From the above architecture of the RocketMQ message storage, we can see RocketMQ uses a hybrid storage structure, that is, all the queues in an instance of the broker share a single log file CommitLog
to store messages. RocketMQ's hybrid storage structure(messages of multiple topics are stored in one CommitLog) uses a separate storage structure for the data and index parts for Producer and Consumer respectively. The Producer sends the message to the Broker, then the Broker persists the message to the CommitLog file synchronously or asynchronously. As long as the message is persisted to the CommitLog on the disk, the message sent by the Producer will not be lost. Because of this, Consumer will definitely have the opportunity to consume this message. When no message can be pulled, the consumer can wait for the next pull. And the server also supports the long polling mode: if a pull request pulls no messages, the Broker can wait for 30 seconds, as long as new message arrives in this interval, it will be returned directly to the consumer. Here, RocketMQ's specific approach is using Broker's background service thread ReputMessageService
to continuously dispatch requests and asynchronously build ConsumeQueue (Logical Queue) and IndexFile data.

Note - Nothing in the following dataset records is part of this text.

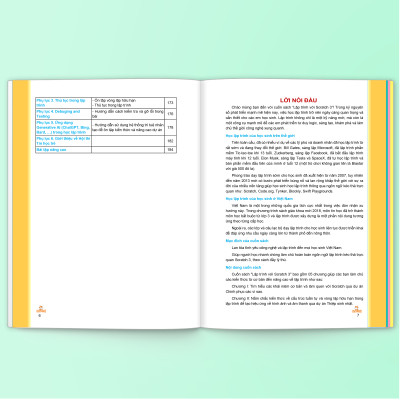 Combo 2 sách Luyện thi hội thi tin học trẻ với Scratch 3 cấp Tiểu học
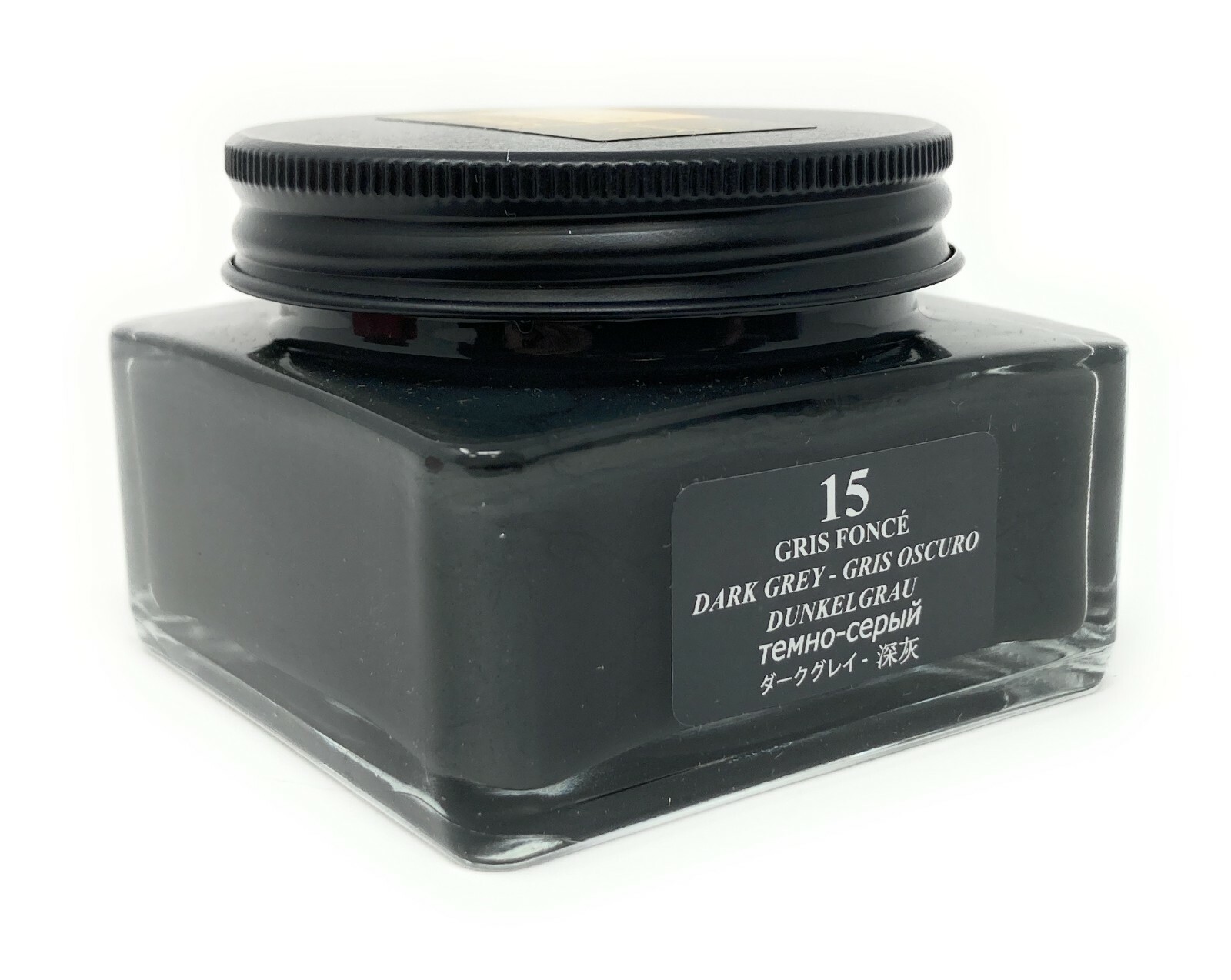 Dark Grey Saphir Medaille d’Or Pommadier Shoe Cream 75ml Jar – New Color!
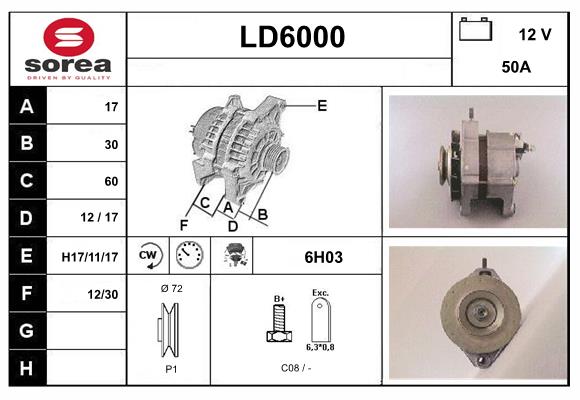 LD6000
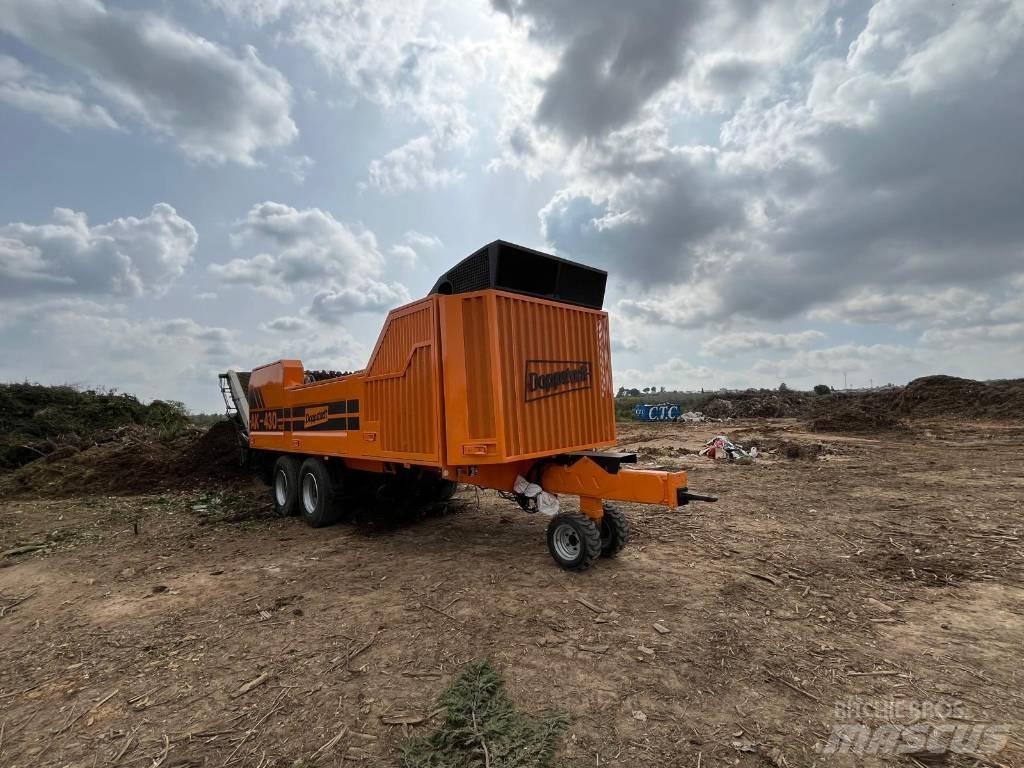 Doppstadt AK 430 폐기물 분쇄기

2 PageCache and Memory Map
PageCache is a cache of files by the operating system to speed up the reading and writing of files. In general, the speed of sequential read and write files is almost the same as the speed of read and write memory. The main reason is that the OS uses a portion of the memory as PageCache to optimize the performance of the read and write operations. For data writing, the OS will first write to the Cache, and then the pdflush
kernel thread asynchronously flush the data in the Cache to the physical disk. For data reading, if it can not hit the page cache when reading a file at a time, the OS will read the file from the physical disk and prefetch the data files of other neighboring blocks sequentially.

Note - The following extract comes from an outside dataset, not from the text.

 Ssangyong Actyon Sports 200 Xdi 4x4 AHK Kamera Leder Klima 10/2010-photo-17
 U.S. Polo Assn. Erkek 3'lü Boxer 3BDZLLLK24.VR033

In RocketMQ, the logic consumption queue ConsumeQueue
stores less data and is read sequentially. With the help of prefetch of the page cache mechanism, the read performance of the ConsumeQueue
file is almost close to the memory read, even in the case of message accumulation, it does not affect performance. But for the log data file CommitLog
, it will generate many random access reads when reading the message content, which seriously affects the performance. If you choose the appropriate IO scheduling algorithm, such as setting the IO scheduling algorithm to "Deadline" (when the block storage uses SSD), the performance of random reads will also be improved.

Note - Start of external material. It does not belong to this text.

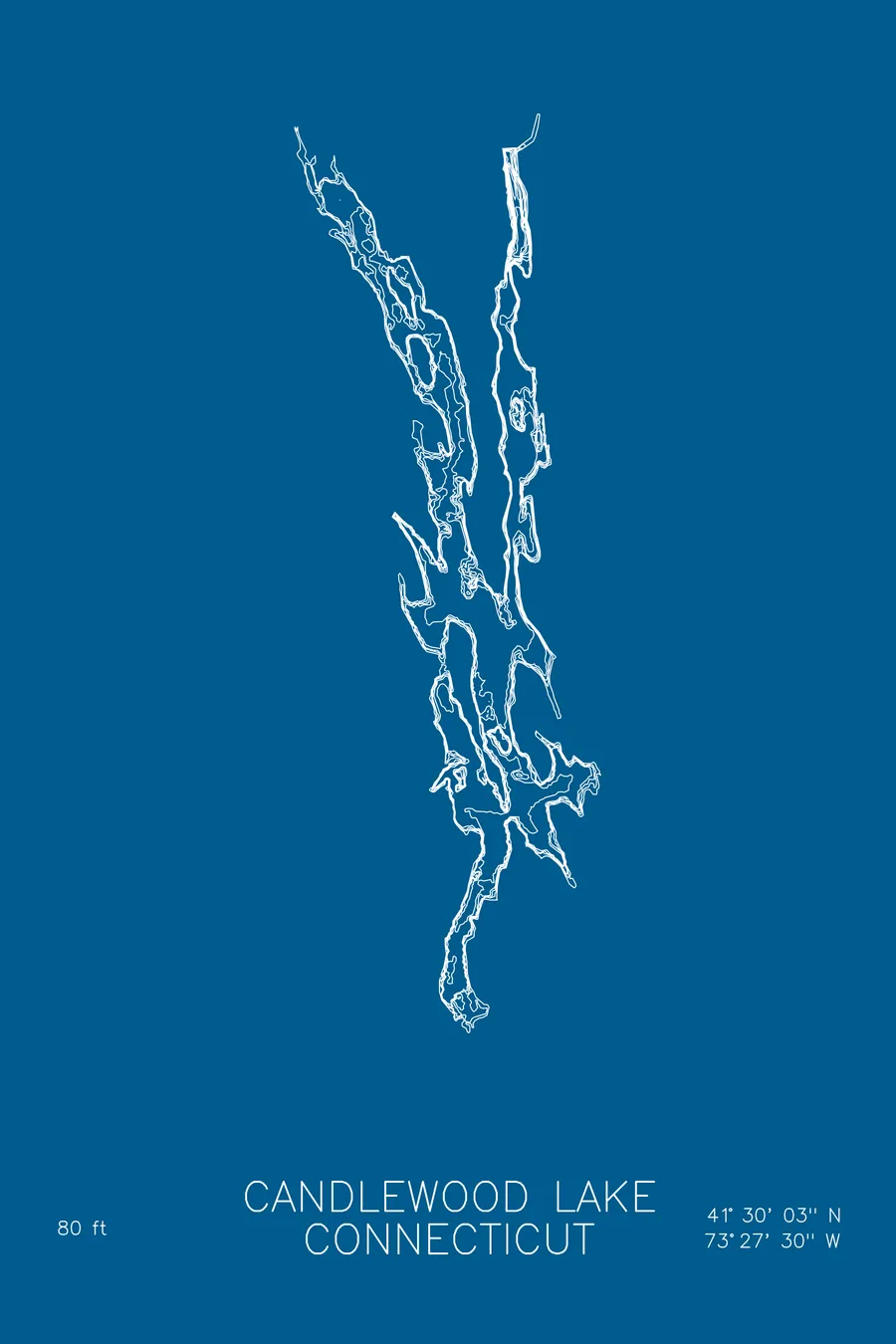 Candlewood Lake, Blue colorway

In addition, RocketMQ mainly reads and writes files through MappedByteBuffer
. MappedByteBuffer
uses the FileChannel
model in NIO to directly map the physical files on the disk to the memory address in user space (Mmap
method reduces the performance overhead of traditional IO copying disk file data back and forth between the buffer in kernel space and the buffer in user space), it converts the file operation into direct memory address manipulation, which greatly improves the efficiency of reading and writing files (Because of the need to use the memory mapping mechanism, RocketMQ's file storage is fixed-length, making it easy to map the entire file to memory at a time).
3 Message Disk Flush
- synchronous flush: As shown above, the RocketMQ's Broker will return a successful
ACK
response to the Producer after the message is truly persisted to disk. Synchronous flushing is a good guarantee for the reliability of MQ messages, but it will have a big impact on performance. Generally, it is suitable for financial business applications. - asynchronous flush: Asynchronous flushing can take full advantage of the PageCache of the OS, as long as the message is written to the PageCache, the successful
ACK
can be returned to the Producer. The message flushing is performed by the background asynchronous thread, which reduces the read and write delay and improves the performance and throughput of the MQ.